----- STORED DATA

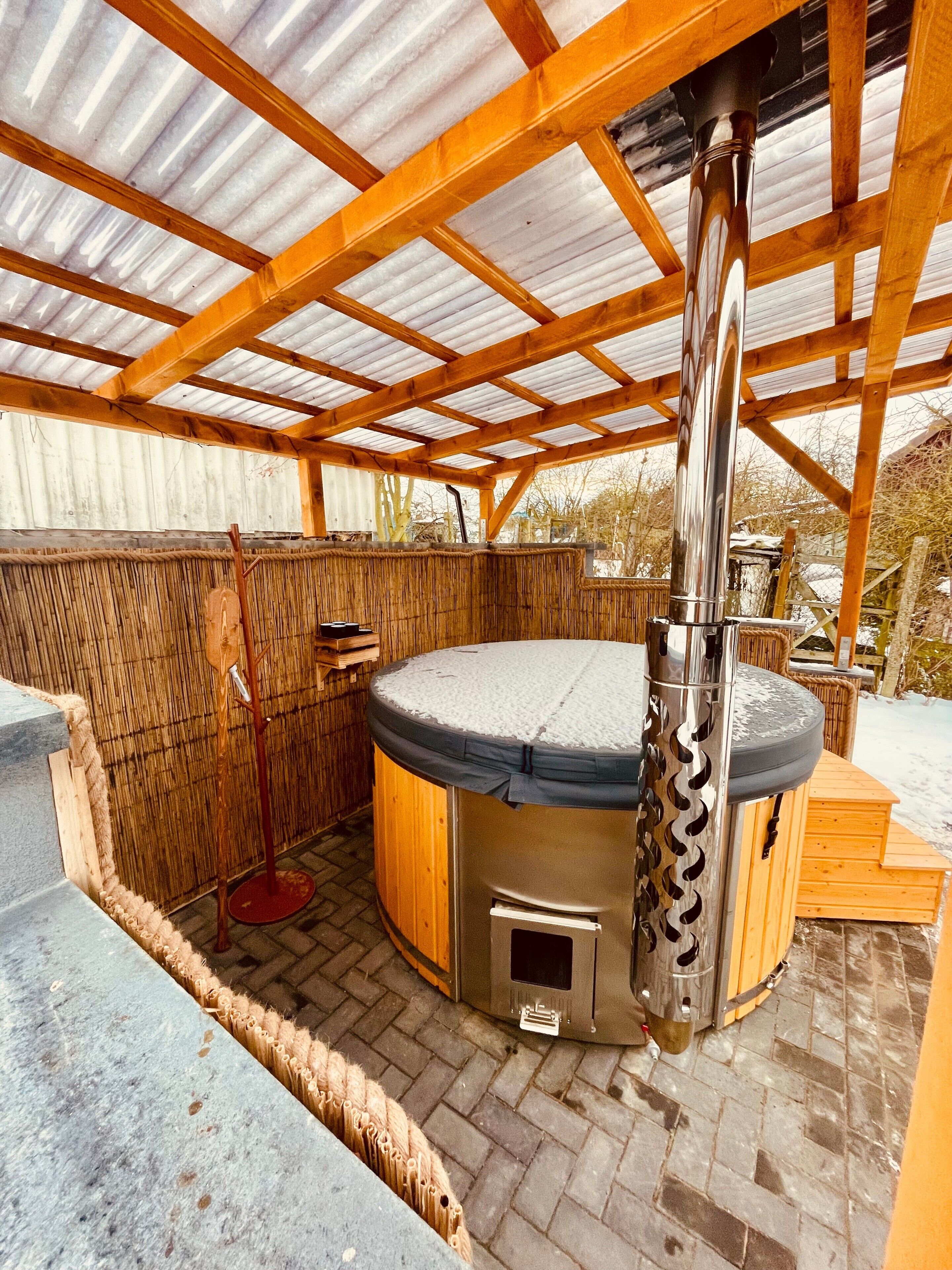 Ein Whirlpool mit Metallschornstein, Holzbalken und einer Bambuswand.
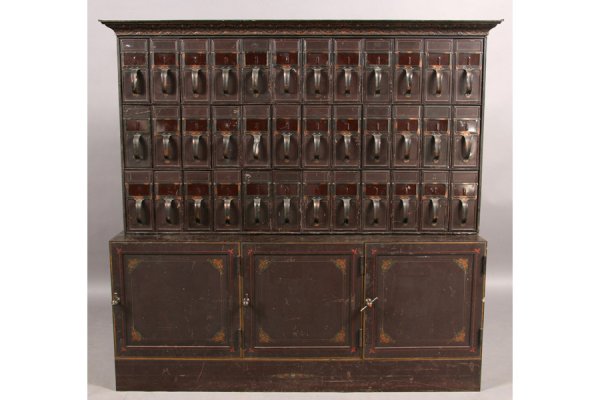 36 DRAWER PAINTED STENCILED IRON FILING SYSTEM: Thirty-six drawer painted and stenciled iron filing system, the doors painted "Fred B. Bernard & Co. St. Louis, MO." circa 1910. Having a shell decorated cornice over twenty-one file drawers resting o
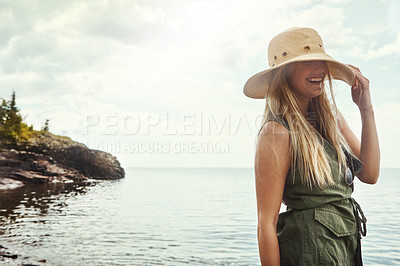 Buy stock photo Outdoor, happy and woman by beach for holiday, getaway or weekend trip in summer with travel. Hat, space and female person by ocean water for seaside vacation with relax, calm and peace on break.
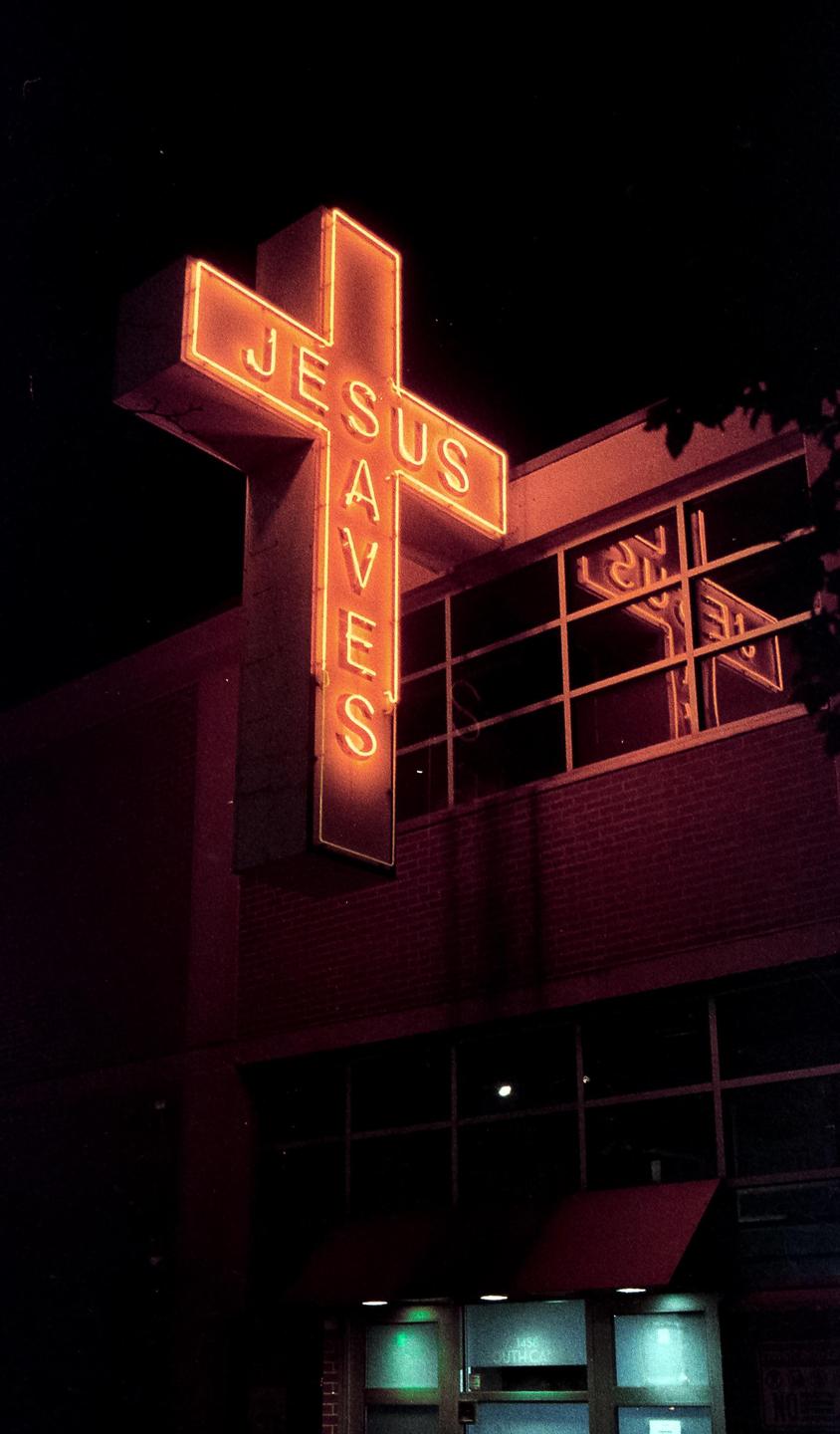 A neon sign in the shape of a cross with the words "Jesus Saves" is illuminated at night.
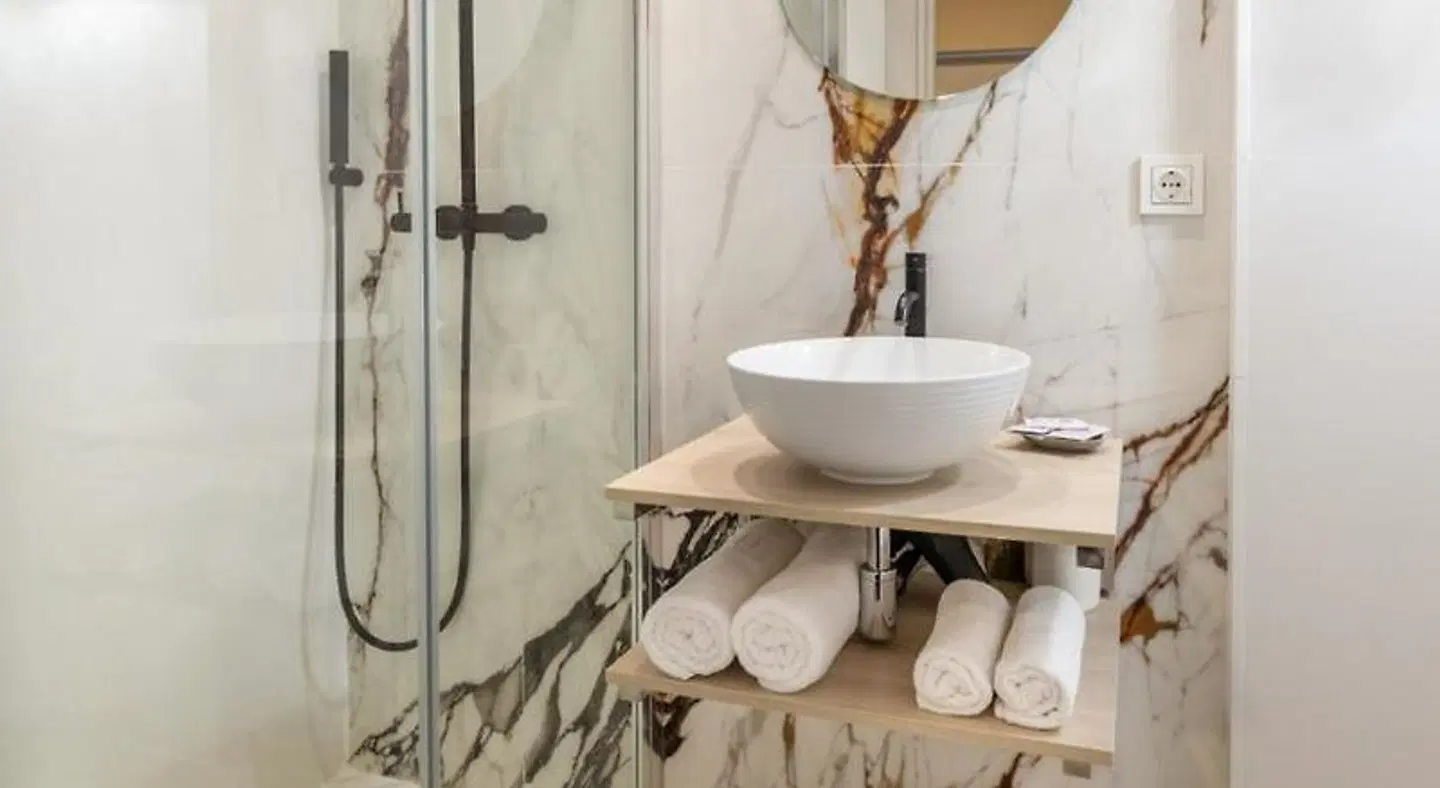 Guest House Plaza Badezimmer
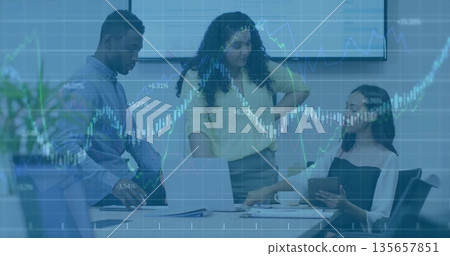 Collaborating team in suits analyzing financial charts at conference table, with laptop, tablet Collaborating team in suits analyzing financial charts at conference table, with laptop, tablet 135657851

----------

**WORK TASK**
Where a picture appears, skip it and copy the rest of the data word for word.

**RESULT**
 Ein Whirlpool mit Metallschornstein, Holzbalken und einer Bambuswand.
 36 DRAWER PAINTED STENCILED IRON FILING SYSTEM: Thirty-six drawer painted and stenciled iron filing system, the doors painted "Fred B. Bernard & Co. St. Louis, MO." circa 1910. Having a shell decorated cornice over twenty-one file drawers resting o
 Buy stock photo Outdoor, happy and woman by beach for holiday, getaway or weekend trip in summer with travel. Hat, space and female person by ocean water for seaside vacation with relax, calm and peace on break.
 A neon sign in the shape of a cross with the words "Jesus Saves" is illuminated at night.
 Guest House Plaza Badezimmer
 Collaborating team in suits analyzing financial charts at conference table, with laptop, tablet Collaborating team in suits analyzing financial charts at conference table, with laptop, tablet 135657851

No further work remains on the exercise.